There’s a lot of peacock-blue velvet at Jessi Singh’s Don’t Tell Aunty. It’s there on the long banquets and cushions – which clash endearingly with the polished-brass dining chairs. There are also sherbet-pink walls, onto which Bollywood movies are projected.

Don't Tell Aunty shares the atmosphere of Singh’s other mod-Indian restaurants in Melbourne and the US. The menu is stridently “inauthentic Indian”. There is uni (sea urchin) biryani – a mixed-rice dish made with dates, turmeric, shallots, ginger and topped with salmon roe and uni “tongues”, the fleshy, sac-like parts of the sea urchin.

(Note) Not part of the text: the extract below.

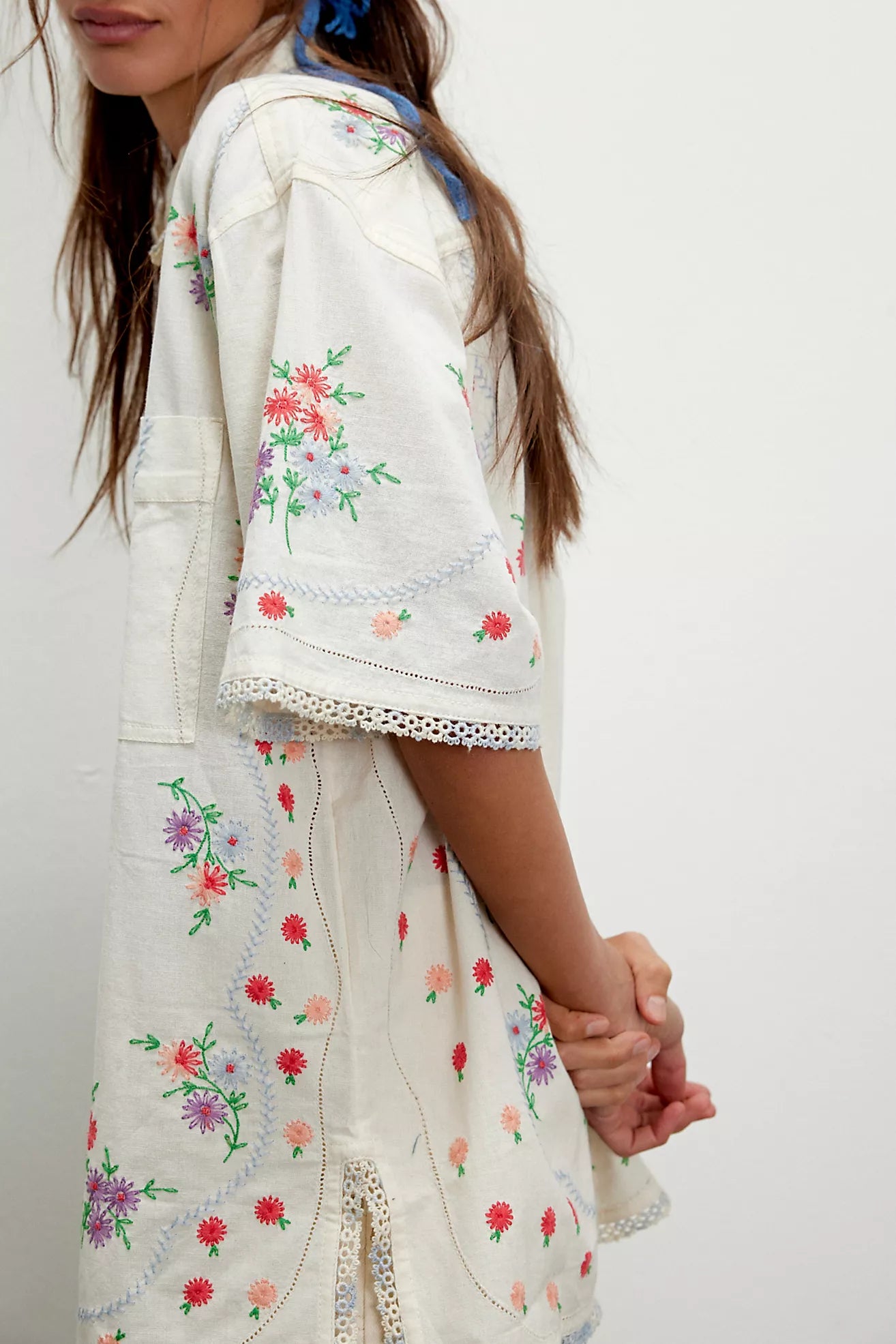 Free People We The Free Emma Embroidered Top/Tofu Combo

The Colonel Tso cauliflower is a play on the Sino-American dish General Tso chicken, which you find in North American Chinese restaurants. This is Singh’s version of gobi Manchurian, an Indian-Chinese dish found in Calcutta. The cauliflower is deep-fried into super-crisp florets and served with a Manchurian sauce of tomato, ginger, garlic and chilli. And the naan pizza is made with spiced tomato sauce and topped with fontina cheese and green-mango pickle-butter.

But it’s the butter chicken Singh is most proud of. He cooks the curry sans butter, ghee and oil yet it has a butter-y flavour, achieved through judicious use of dried fenugreek leaves and seeds.

There’s a self-serve beer fridge and wine shelf. The wine list features some $100-plus bottles. Singh says the stuffed blue peacock, installed above the shelf, keeps a watchful eye on any dishonest diners.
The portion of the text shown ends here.